Curt Schilling's blog, 38 Pitches, offers an insider's take on life in the big leagues. The Red Sox starter (who'll miss the start of the season with a shoulder injury) loves the sound of his own keyboard, but there are rare insights here if you're willing to wade through the plugs for his video-game company. Not only does Schilling break news—like his scoop last March that Jonathan Papelbon would be Boston's closer—the pitcher also posts revealing self-critiques, like a recounting of a June 2007 game in which Brad Hawpe deposited a first-pitch change-up into the seats: "I was sure I was making the right pitch to the right hitter in the right spot.
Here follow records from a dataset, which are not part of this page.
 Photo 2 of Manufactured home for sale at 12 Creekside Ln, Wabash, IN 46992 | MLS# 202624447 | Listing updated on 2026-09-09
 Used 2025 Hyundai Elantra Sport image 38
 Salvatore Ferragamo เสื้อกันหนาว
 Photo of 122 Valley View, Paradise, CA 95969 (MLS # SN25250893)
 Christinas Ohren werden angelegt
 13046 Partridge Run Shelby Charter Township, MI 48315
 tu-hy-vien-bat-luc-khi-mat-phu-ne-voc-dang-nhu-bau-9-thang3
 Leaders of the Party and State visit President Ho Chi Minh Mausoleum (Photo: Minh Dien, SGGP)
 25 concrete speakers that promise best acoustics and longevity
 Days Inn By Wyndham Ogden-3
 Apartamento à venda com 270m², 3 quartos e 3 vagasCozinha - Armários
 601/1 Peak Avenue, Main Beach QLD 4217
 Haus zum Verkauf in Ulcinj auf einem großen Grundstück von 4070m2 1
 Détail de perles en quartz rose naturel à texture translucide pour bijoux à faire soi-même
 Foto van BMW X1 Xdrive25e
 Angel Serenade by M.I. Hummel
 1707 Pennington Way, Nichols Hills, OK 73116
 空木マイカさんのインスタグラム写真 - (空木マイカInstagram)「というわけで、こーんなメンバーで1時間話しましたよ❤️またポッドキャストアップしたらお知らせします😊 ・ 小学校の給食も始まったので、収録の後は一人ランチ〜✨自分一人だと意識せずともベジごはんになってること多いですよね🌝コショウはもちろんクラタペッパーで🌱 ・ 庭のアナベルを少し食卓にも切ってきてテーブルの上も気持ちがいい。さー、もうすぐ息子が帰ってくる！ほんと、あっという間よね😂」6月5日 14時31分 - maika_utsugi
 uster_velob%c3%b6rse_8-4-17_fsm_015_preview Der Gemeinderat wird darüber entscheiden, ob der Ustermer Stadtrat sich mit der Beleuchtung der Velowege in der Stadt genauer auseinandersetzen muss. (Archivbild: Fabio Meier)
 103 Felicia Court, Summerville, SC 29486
Obviously I was wrong."
One of Schilling's former teammates with the Philadelphia Phillies, Lenny "Nails" Dykstra, is the subject of a riotously entertaining profile in the March 24 issue of The New Yorker. The tobacco-chewing, headfirst-sliding Dykstra has, improbably, made a mint as a day trader and car-wash mogul. When he's not sucking down cheeseburgers and repeating the word bro, the ex-outfielder is busy putting together the Players Club, a new monthly publication that will educate professional athletes on money matters. "This will be the world's best magazine," Dykstra tells writer Ben McGrath.
It wasn't long ago that ballplayers didn't have millions to invest. In The Last Real Season (out in May), one-time Texas Rangers beat reporter Mike Shropshire chronicles baseball's 1975 campaign, the last season before full-scale free agency came into effect. Shropshire's no romantic, though: The Last Real Season is the sportswriter's Ball Four, a hilarious, profane diary of a year spent dodging punches from booze-infused Rangers manager Billy Martin and trying to wring copy out of a dead-end team. (My favorite excerpt from the author's 1975 clippings: "[Rangers first baseman Jim] Fregosi is old enough to be somebody's grandfather, although, to the best of his knowledge, he's not.")
If you have only 15 minutes to spare, settle in with the stranger-than-fiction story of Tony Gwynn Jr. and Trevor Hoffman. As ESPN the Magazine's Tom Friend explains, Gwynn, the son of Padres legend Tony Gwynn, grew up idolizing and palling around with Hoffman, his father's longtime teammate. In the final weekend of the 2007 season, the Padres called on Hoffman to get one final out to secure a spot in the playoffs. The man at the plate: the younger Gwynn, now a reserve outfielder with the Milwaukee Brewers. Even if you know what happens next, there's enough drama here to make your skin tingle. It's a welcome springtime reminder of the heartbreaks and triumphs that make baseball the world's greatest game.